According to CMAN, since the implementation of the Petroleum Industry Act in 2021, only 40 per cent of such proceeds had accrued to the Federation Account shared by the Federal, State and Local Governments, while the Nigerian National Petroleum Company Limited retained 60 per cent through a combination of management fees and the Frontier Exploration Fund.
The academics argued that the imbalance undermined the principle of collective ownership of Nigeria’s natural resources and constrained the fiscal capacity of subnational governments. By reversing the structure, they said, the Executive Order would significantly raise distributable revenues, enhance public service delivery and stimulate economic activity across the tiers of government.
The Executive Order, signed on February 13, 2026 and gazetted by the Presidency, eliminates the 30 per cent management fee previously retained by NNPC Limited on Profit Oil and Profit Gas under Production Sharing, Profit Sharing and Risk Service Contracts. It also ends the 30 per cent allocation of profit oil and gas to the Frontier Exploration Fund and mandates that Royalty Oil, Tax Oil, Profit Oil, Profit Gas and other government entitlements be paid directly into the Federation Account.
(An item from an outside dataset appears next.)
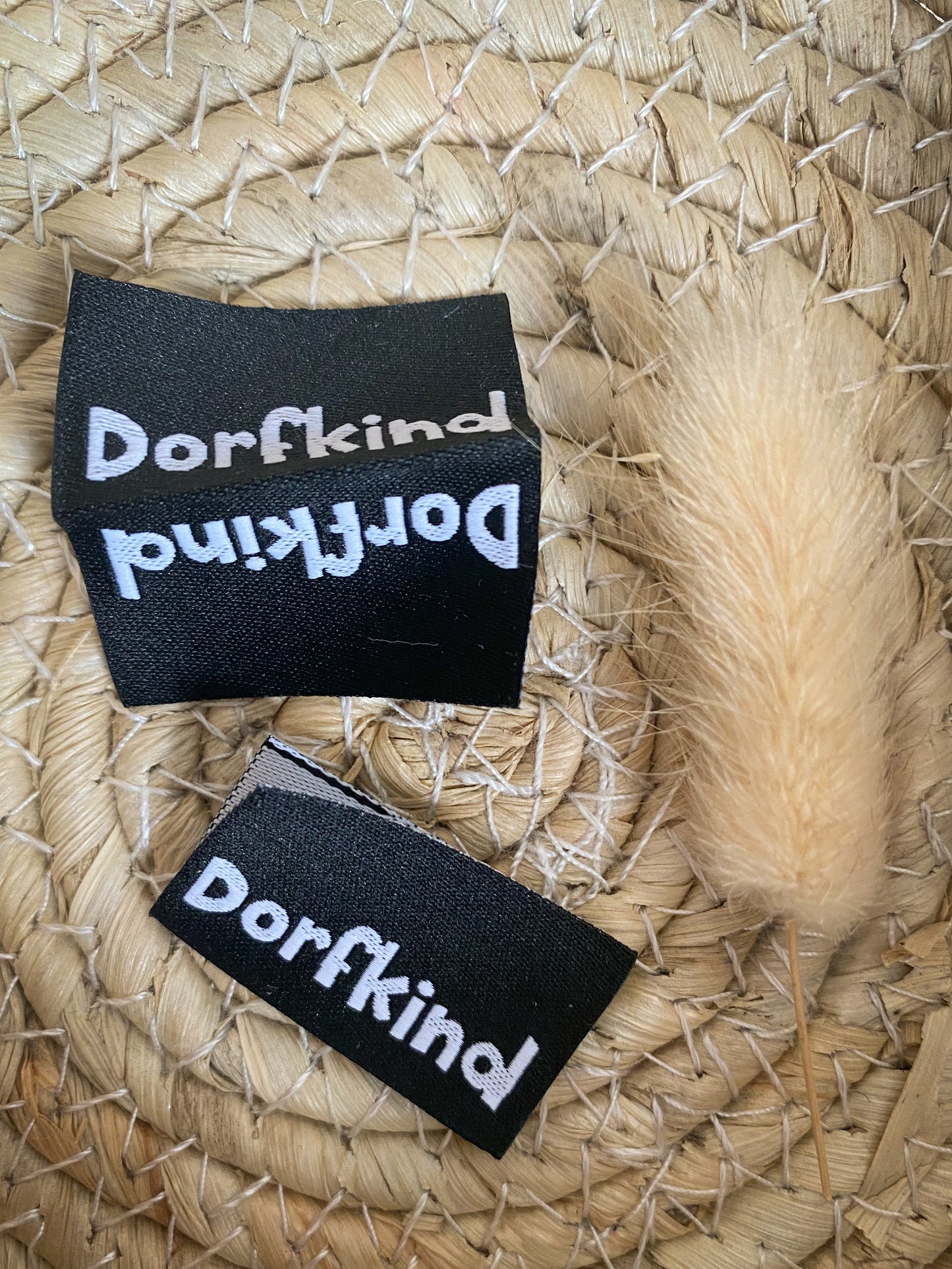 Dorfkind Web Label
In addition, proceeds from gas flare penalties, previously paid into the Midstream and Downstream Gas Infrastructure Fund, will now be remitted to the Federation Account, while expenditures from the fund must comply strictly with public procurement laws.
The Presidency said the multiple deductions under the PIA framework had far exceeded global norms and effectively diverted more than two-thirds of potential oil and gas remittances, contributing to declining net revenue inflows.
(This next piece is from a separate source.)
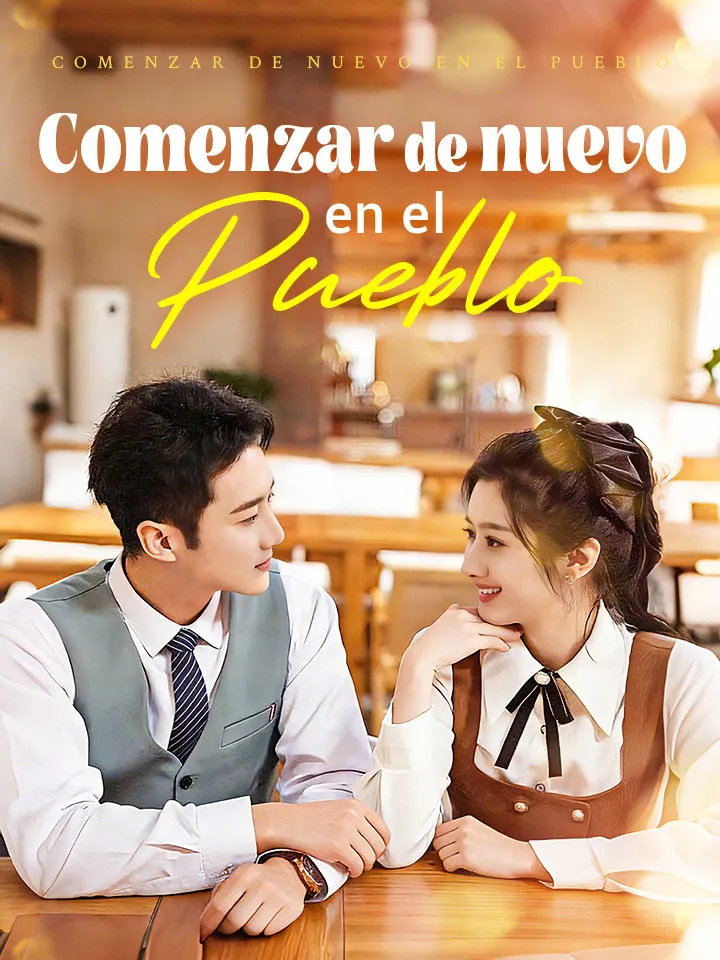 Portada de Comenzar de nuevo en el pueblo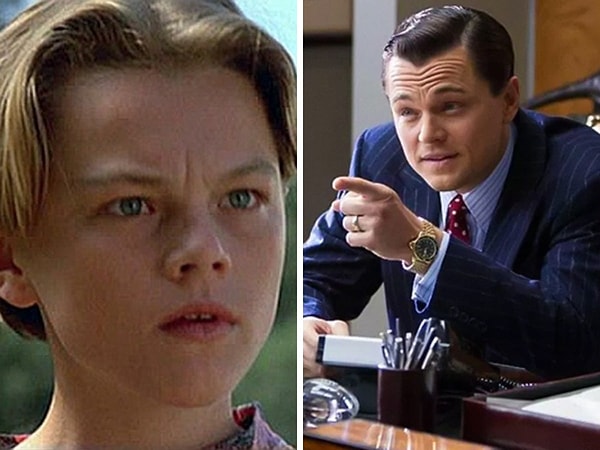 9. Леонардо Ди Каприо сыграл роль юного Мейсона Кэпвелла в сериале "Санта-Барбара"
President Tinubu anchored the order on Sections 5 and 44(3) of the Constitution, which vest ownership and control of mineral resources in the Government of the Federation. He also approved the establishment of an inter-ministerial implementation committee to oversee the reforms and signalled a broader review of the PIA to address structural and fiscal anomalies.
While applauding the reform, CMAN urged that similar corrective measures be extended to joint venture assets and called for the inclusion of the Chairman of the Revenue Mobilisation, Allocation and Fiscal Commission on the implementation committee to strengthen oversight further.
For fiscal authorities and market participants, the development signals a potential surge in Federation allocations amid heightened budgetary pressures, reinforcing expectations of improved liquidity across the public sector and positive spillovers for Nigeria’s capital market.